Glad to see some other opinions that are not a rebuff to my own. I may not agree with some of them but that's my right just as the person who made them has the right to make them.
 
jj: Wow, that's a lot of propeganda. Congratulations on your first post.

Let me just say a few things. You said, "If everything went the way anyone planned then the troops would have come home a long time ago." The key flaw there is that Bush never had any plan for getting our troops home in the first place. Kerry would have had a plan before committing our ground troops.

You said, "As a former party member i understand the fact that democrats don't really listen to what's said and only what appears on the surface." That's exactly what I think of people like ness and John D. which are voting based on loyalty to party lines. When you look at the facts you're realize that the consequences of this election going to Bush are far more important to think about than which ideology you support.

We are voting for a man, we are not voting for a political party.

Bush has gotten us into a giant mess in Iraq with his bull-headed approach to international politics. When you said "Bush has had his ear to the international ground for the past 4 years" the image of an ostrich comes to mind.
Bush has ignored advice from the professionals around him and compromised America by committing our troops to an Iraqi quagmire which prevents the U.S. from exerting overwhelming force anywhere else in the world. We would PROBABLY have captured Osama bin Laden if Bush had not been eager to use 9/11 as an excuse to nab Saddam.

I said it before, and I'll say it again. The international community will respect John Kerry as President because his election will have shown the world that American citizens do not support the Bush administration and the personal agenda that Bush has executed.

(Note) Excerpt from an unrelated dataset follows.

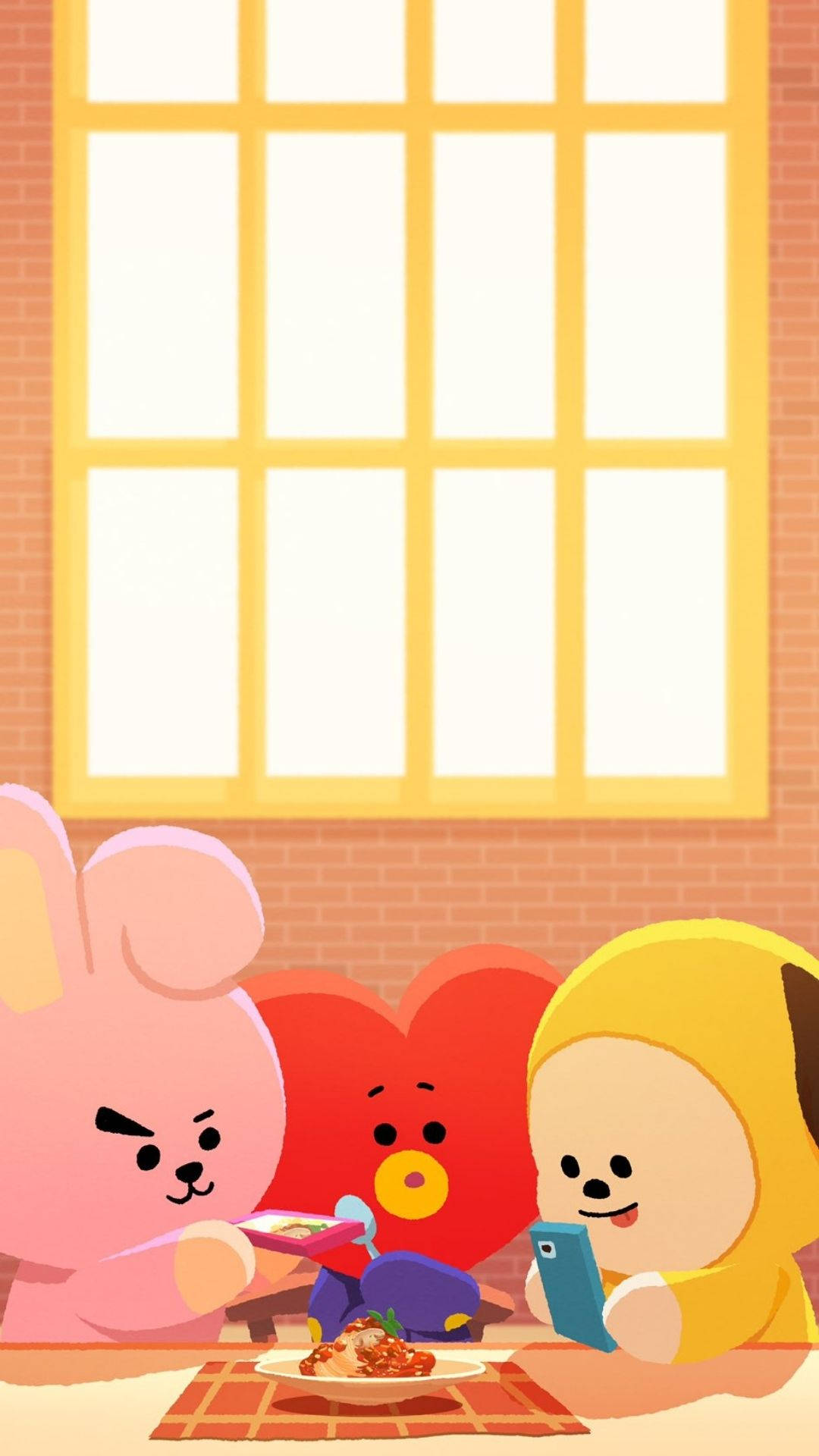 Bt21 Taking Pictures Of Food Background
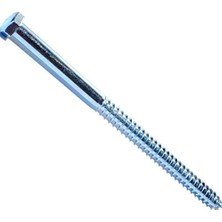 Naque 014973260378 Altıgen Vidalar, 3/8 x 7, Parça-56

Even if you don't support liberal causes, I don't see how one could vote for Bush unless one didn't care about the future of the world.

Bush played right into the hands of Osama bin Laden by providing terrorists a place to attack Americans. Bush suspended the democratic values that make this country great when he, after 9/11, said "either you are with us, or with the terrorists." In doing so - and I realize I've said this before - he silenced all critisism of his administration by labelling it unpatriotic.

If you're a Republican, you agree with Bush that America's responsibility is to spread democratic values to the world. You should, then, vote against Bush, because that is the only way to restore democratic values in THIS country.

I'm done for now.
 
come on saddam ranks 2nd to hilter did saddam ithink someone needs a history lesson and stop watching the polictial spin ittook 4 milllion Americian to stop hitler it took 200000 men to stop saddam
 
jrubicante said:
Bush suspended the democratic values that make this country great when he, after 9/11, said "either you are with us, or with the terrorists."
Kind of dictature eh ? 😉


 
uttahcee said:
come on saddam ranks 2nd to hilter did saddam ithink someone needs a history lesson and stop watching the polictial spin ittook 4 milllion Americian to stop hitler it took 200000 men to stop saddam

I don't get your point. I never said Saddam was not a bad guy.
And Bush got him. But now look at us - was this worth it? The situation in Iraq gets worse every day... 1000 U.S. soldiers have been killed in addition to the 15000 Iraqi citizens, most of whom were totally innocent. Was this the best way to go about removing Saddam Hussein? That's the question Bush never asked himself.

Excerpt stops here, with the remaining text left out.